Why Smothering Ruins Relationships

Have you ever been in love before? If you aren’t quite sure, the answer is that you have never been in love. If you’ve experienced being in love, you will know it isn’t quite as romantic or glorious as you think it will be before it happens to you. In truth, love can make you feel terribly insecure. You wonder if the object of your affections returns the intensity of the sentiment you feel. It’s also common to feel some jealousy when your sweetheart is not with you. For instance, you imagine them in someone else’s arms and it makes your stomach form uncomfortable knots.
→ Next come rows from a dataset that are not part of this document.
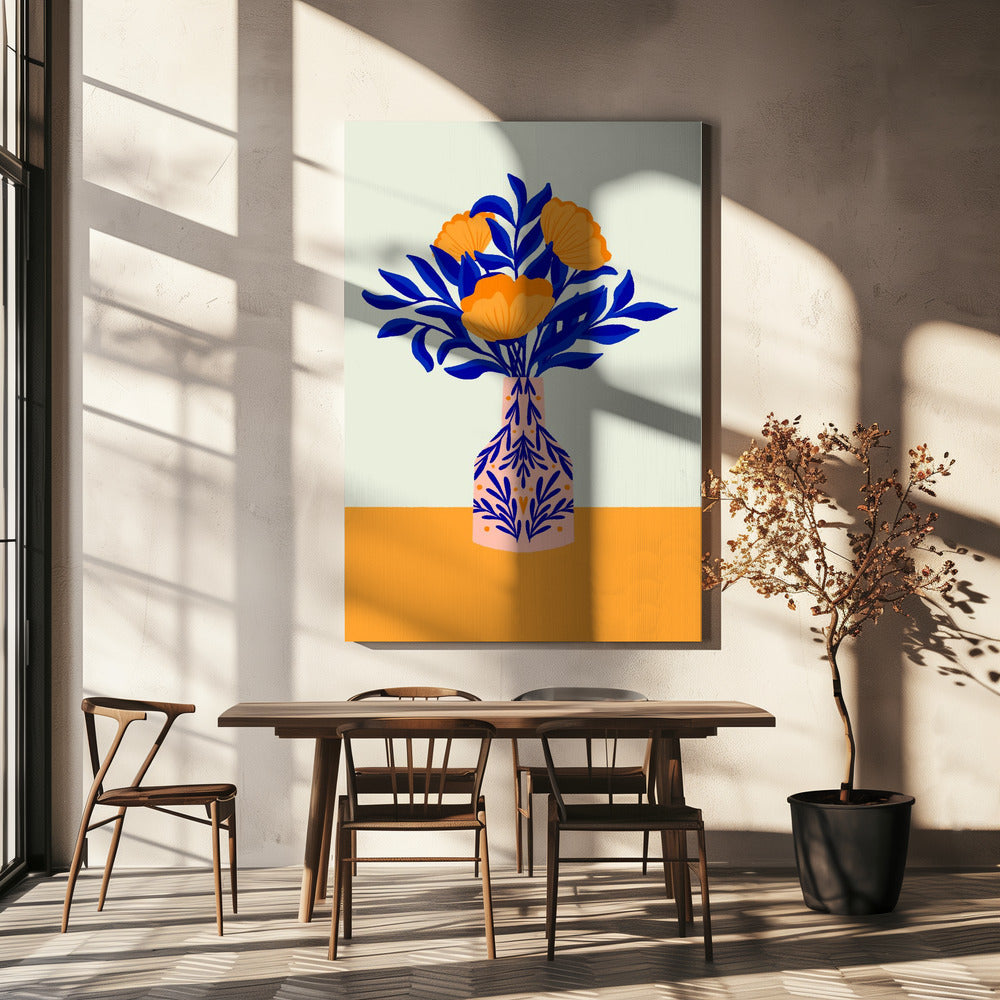 Orange Mohnblumen in einer Vase | Leinwand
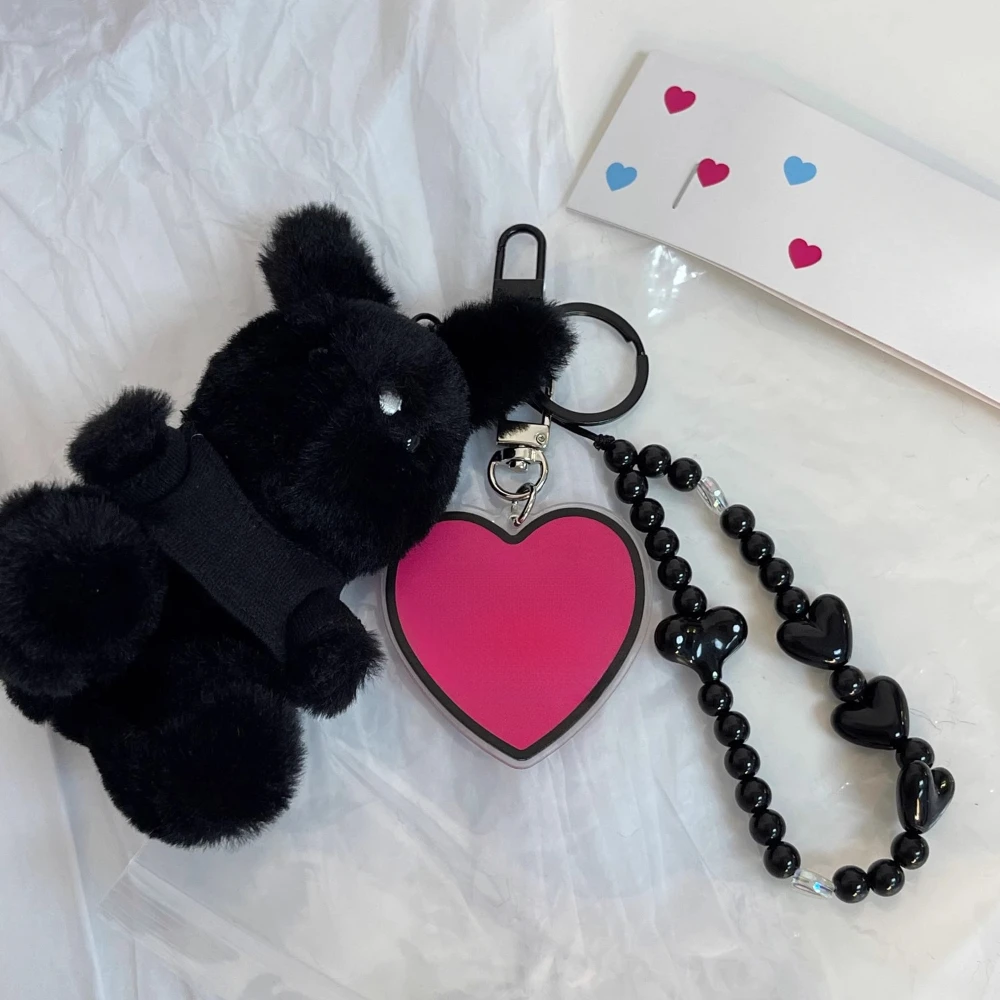 Black Rabbit Plush Pendant Bag Keychain Anime Peripherals Action Figure Cute Doll Kawaii Ins Style Cartoon Bag Model Gift Toys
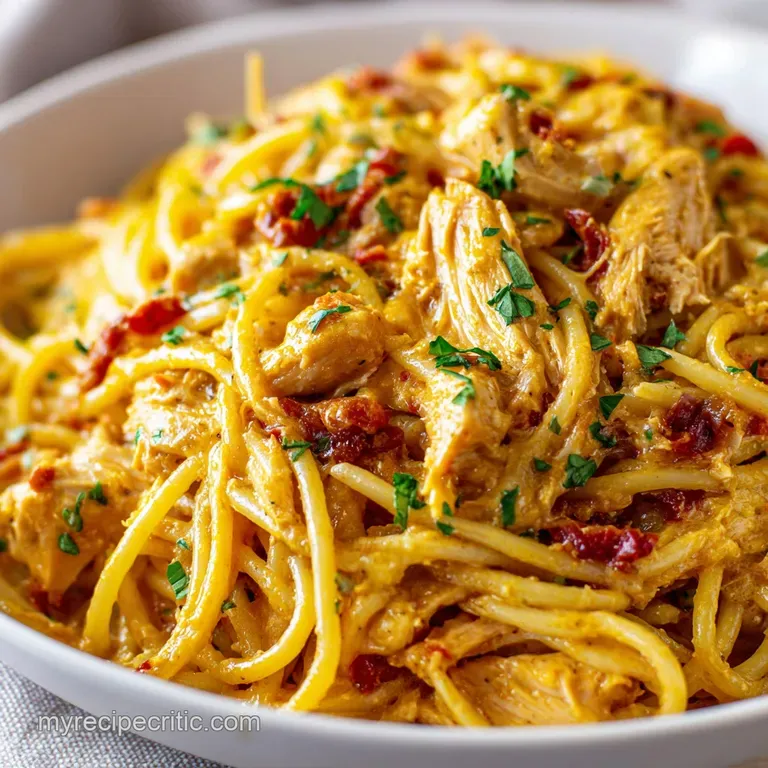 Crockpot Chicken Spaghetti the Easiest Cheesy Weeknight Supper presentation
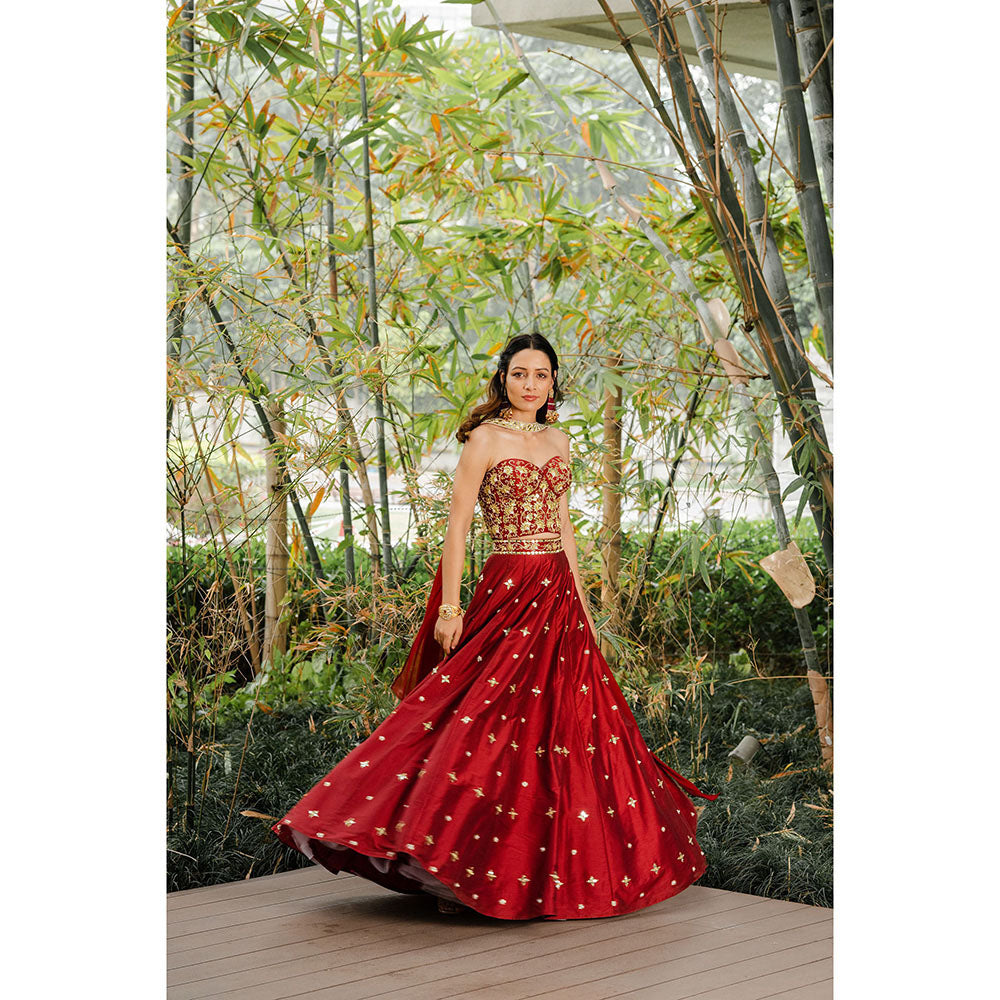 Rashika Sharma Aarzo Corset Lehenga, Corset and Dupatta (Set of 3)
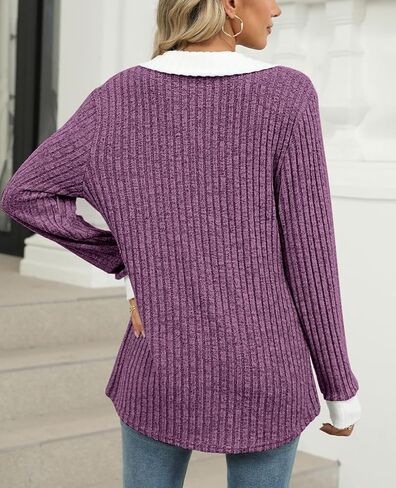 BAISHENGGT Women's Contrast Collared Shirts Casual Long Sleeve Ribbed Fall Tops Lightweight Tunic Sweaters in Saudi Arabia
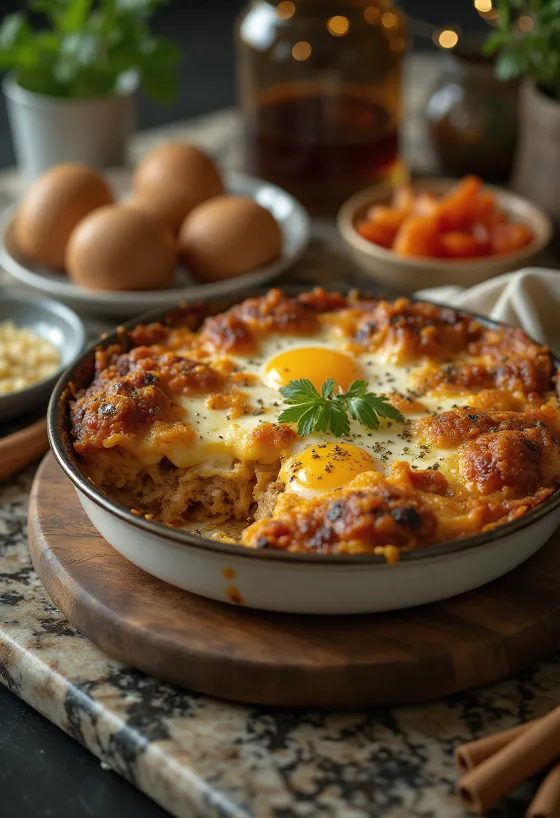 Moussaka fűszeresen, húsos és túrós rétegekkel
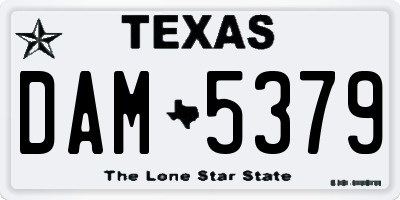TX license plate DAM5379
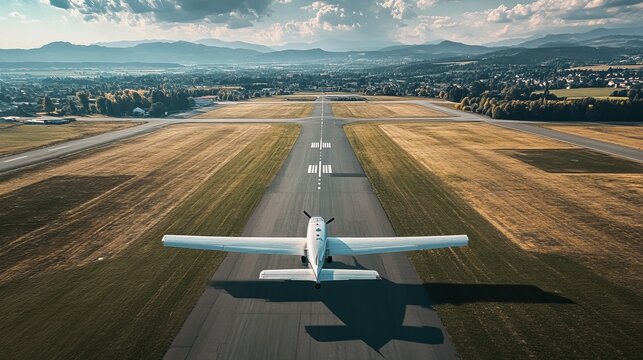 Aerial view of a small plane taxiing on a runway, surrounded by rural landscape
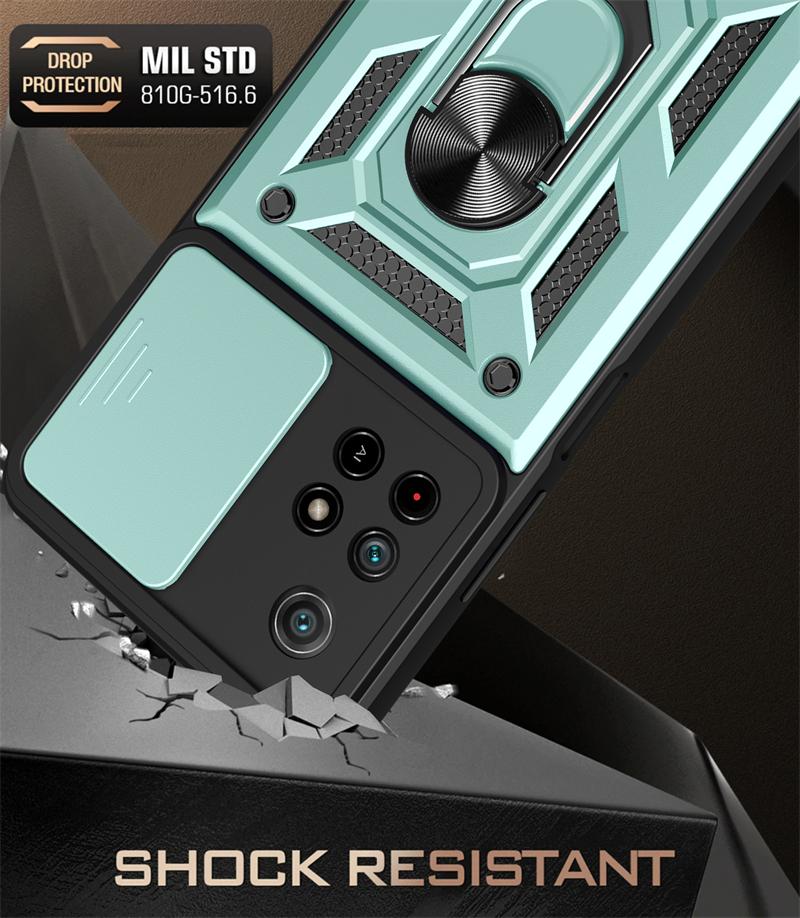 Para Pocco M 4 Pro 4G Case Slide Camera Armor Magnetic Car Holder Phone Cover para Xiaomi Poco M4 Pro Poko Little M4Pro Capa Traseira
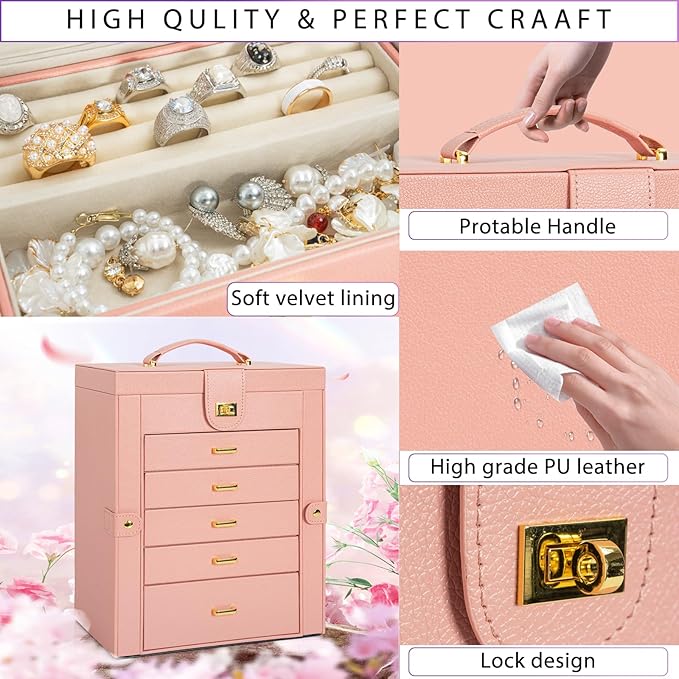 AKOZLIN Large Jewelry Box Organizer Functional Lockable with Big Mirror, Leather Jewelry Storage Case for Women Girls Ring Necklace Earring Bracelet Holder Organizer Pink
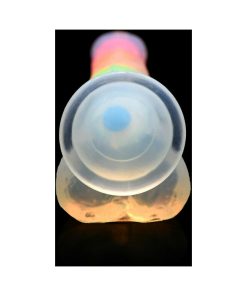 Lollicock Silicone Dildo With Balls 7 In. Rainbow Glow In The Dark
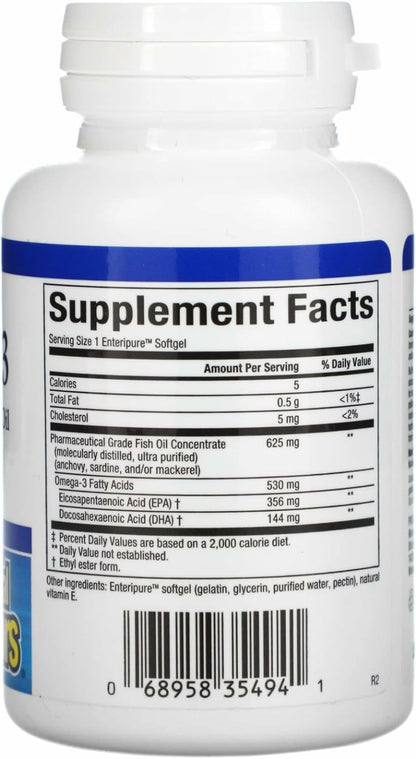 Natural Factors RxOmega-3 Mini-Gels – EPA 350mg, DHA 140mg, 60 Soft Gels | Cardiovascular Support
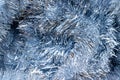 Christmas, new year silver tinsel background texture Royalty Free Stock Photo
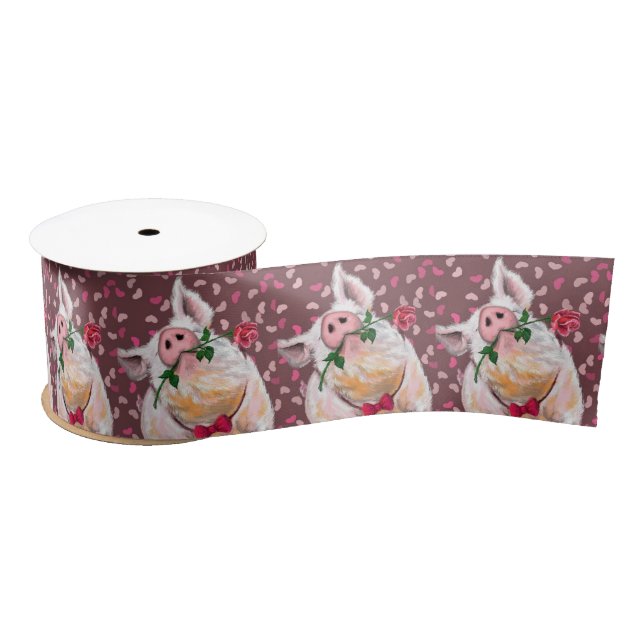 Romantic Pig Funny Ribbon Satin Ribbon (Spool)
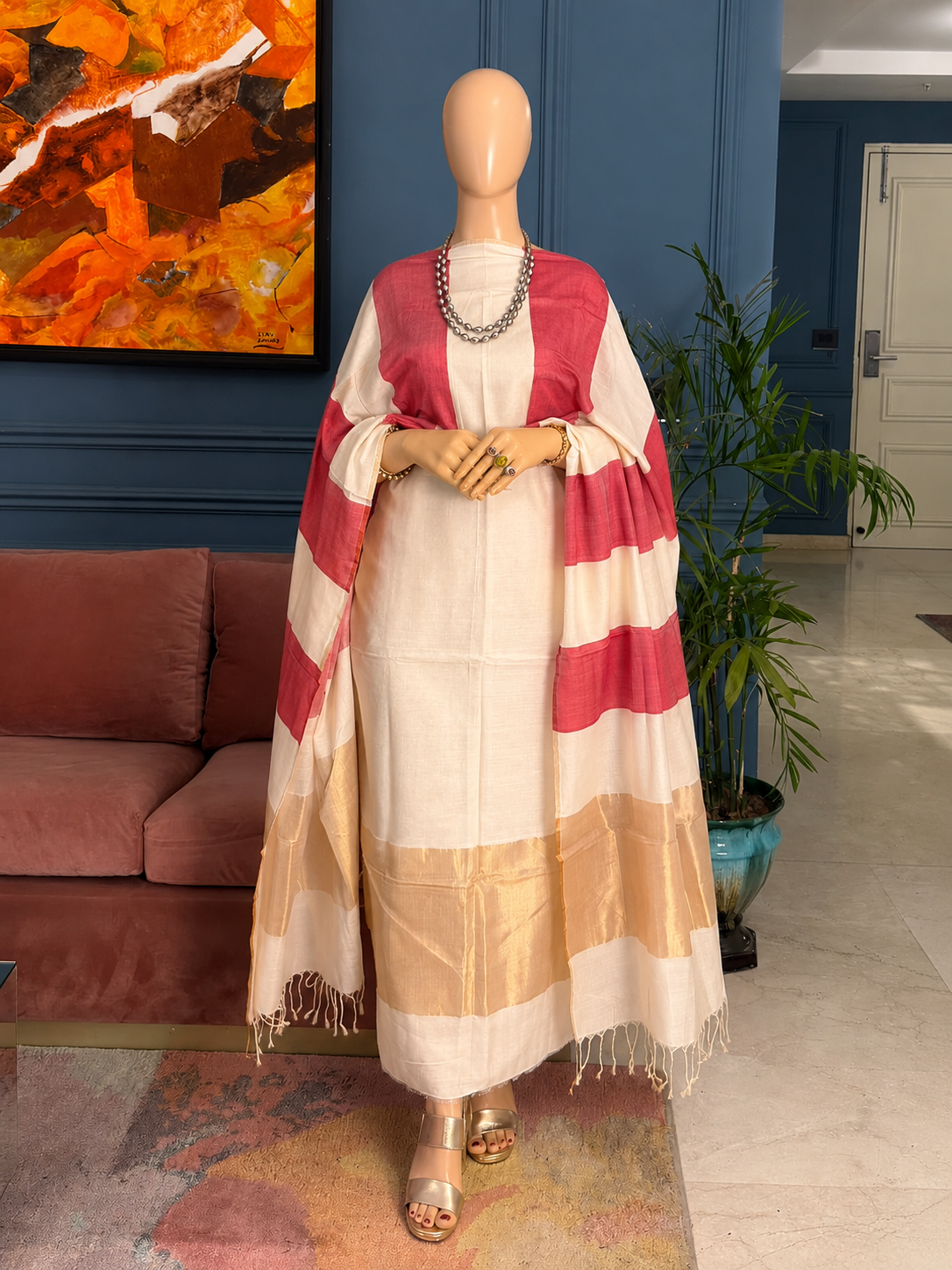Pure Maheswari Silk Cotton Handwoven Unstitch Suit.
Not everybody responds admirably to the feelings of jealousy and insecurity that can come to the surface when we are in love. Instead, many people end up behaving in ways that ultimately end up sabotaging their romantic relationship. One of the worst things you can do if you want your relationship to last is to smother your partner. Billions of people have ended relationships because their partner was making them feel suffocated. You may even have done this yourself in a previous relationship.

Smothering Behavior

What, then, constitutes smothering? It’s not the easiest question to answer. That’s because everybody has their own needs when it comes to personal space. Generally, though, you will suffocate your partner if you don’t allow them enough alone time. This can include things like insisting that your partner spends all of their free time with you, calling too much, or texting them several times a day. It could even include commenting on everything they post on social media.

Stay Relaxed

You can also behave in a way that many would consider too clingy during those times when you are together with your partner. Examples include sulking if they talk to a member of the opposite sex while you’re out together, wanting to know who just called them, saying you love them every five minutes, asking where they think the relationship is headed after only two dates or asking if they are OK because they haven’t said much for the past ten minutes.

Feeling Controlled

Why is being clingy and smothering your romantic partner such a bad idea? If you’ve ever had an overly-clingy partner, you will already know the answer to this question. How did you feel when that man/woman would not stop texting you or questioning your actions during times when you were not with them? When someone smothers you it makes you feel that they don’t trust you, or they wouldn’t feel the need to breathe down your neck. It can make the relationship seem like a chore if you constantly feel obliged to explain yourself. It can also cause feelings of resentment because it seems the other partner is trying to control you.

Not Very Alluring

Smothering your partner will also make you seem less sexy and mysterious in your partner’s eyes. There is a straightforward explanation of why this is so. If you are always present, either physically or digitally, you are not giving your partner the chance to miss your company and wonder what you’re doing. What’s more, if your life revolves around your romantic partner and you don’t fill it with other interests, how will you ever bring something new to the table in terms of conversation topics?

Dignified Conduct

The fact is that clingy behaviour kills your sex appeal completely. It doesn’t matter if you have model looks, a nice personality, and financial success if you don’t know how to give your partner space or conduct yourself in a dignified fashion around them. Clingy behaviour hints at a lack of self-worth. It’s highly off-putting and it can sour even the sweetest of romantic relationships.

Question Yourself

You may now be wondering how you can avoid behaving in a clingy way? One way to keep yourself in check is to question whether you’d like to be the recipient of the same behaviour you are exhibiting. If it is something that could put you off, you should probably reconsider doing it.

A Universal Feeling

A dislike of feeling smothered in relationships is universal. It’s not exclusive to any gender or sexual orientation. Therefore, the ultimate rule is simple: If you don’t like to be on the receiving end of certain behaviours, don’t inflict them on others.